DATASET EXCERPTS
==========
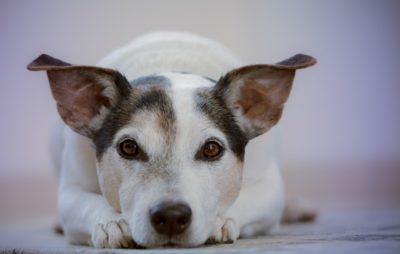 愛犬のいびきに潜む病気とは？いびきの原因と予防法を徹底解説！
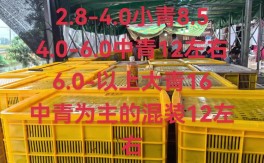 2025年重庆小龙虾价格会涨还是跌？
==========
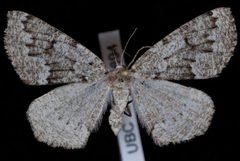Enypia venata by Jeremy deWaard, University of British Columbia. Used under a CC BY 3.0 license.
==========
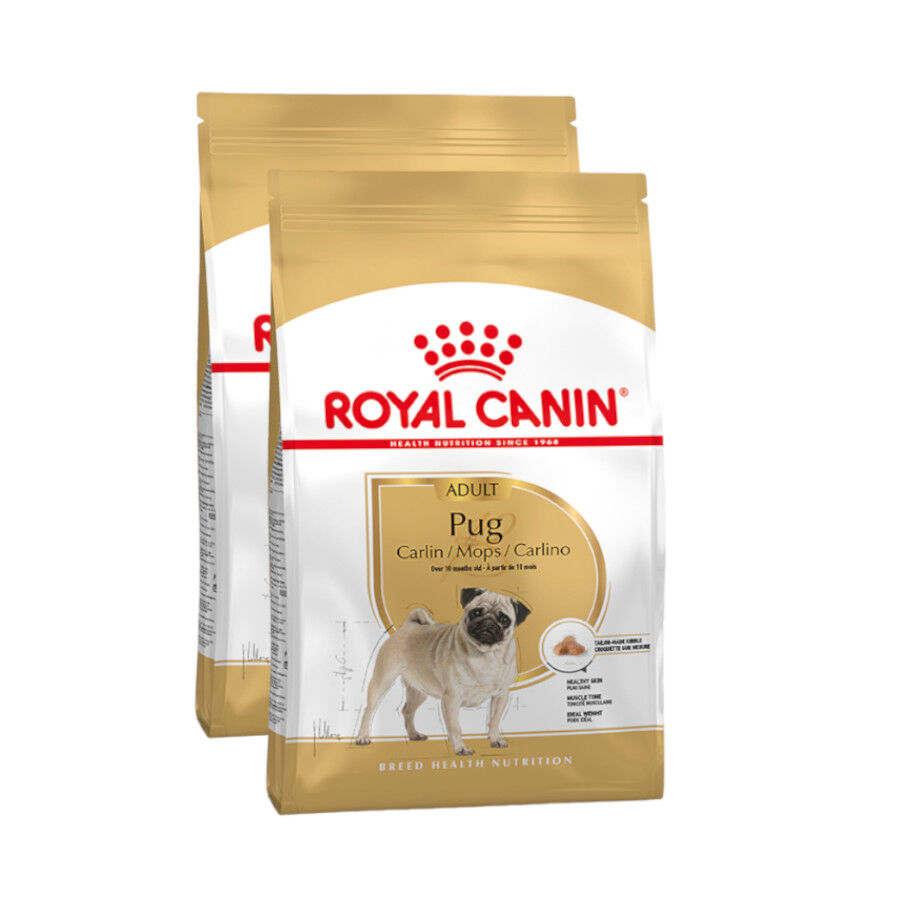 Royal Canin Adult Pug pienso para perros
==========
Above are entries with pictures among them. Write out exactly the lines from the one containing "愛犬のいびきに潜む病気とは？いびきの原因と予防法を徹底解説！" through the one containing "2025年重庆小龙虾价格会涨还是跌？", ends included, and leave those pictures out.

 愛犬のいびきに潜む病気とは？いびきの原因と予防法を徹底解説！
 2025年重庆小龙虾价格会涨还是跌？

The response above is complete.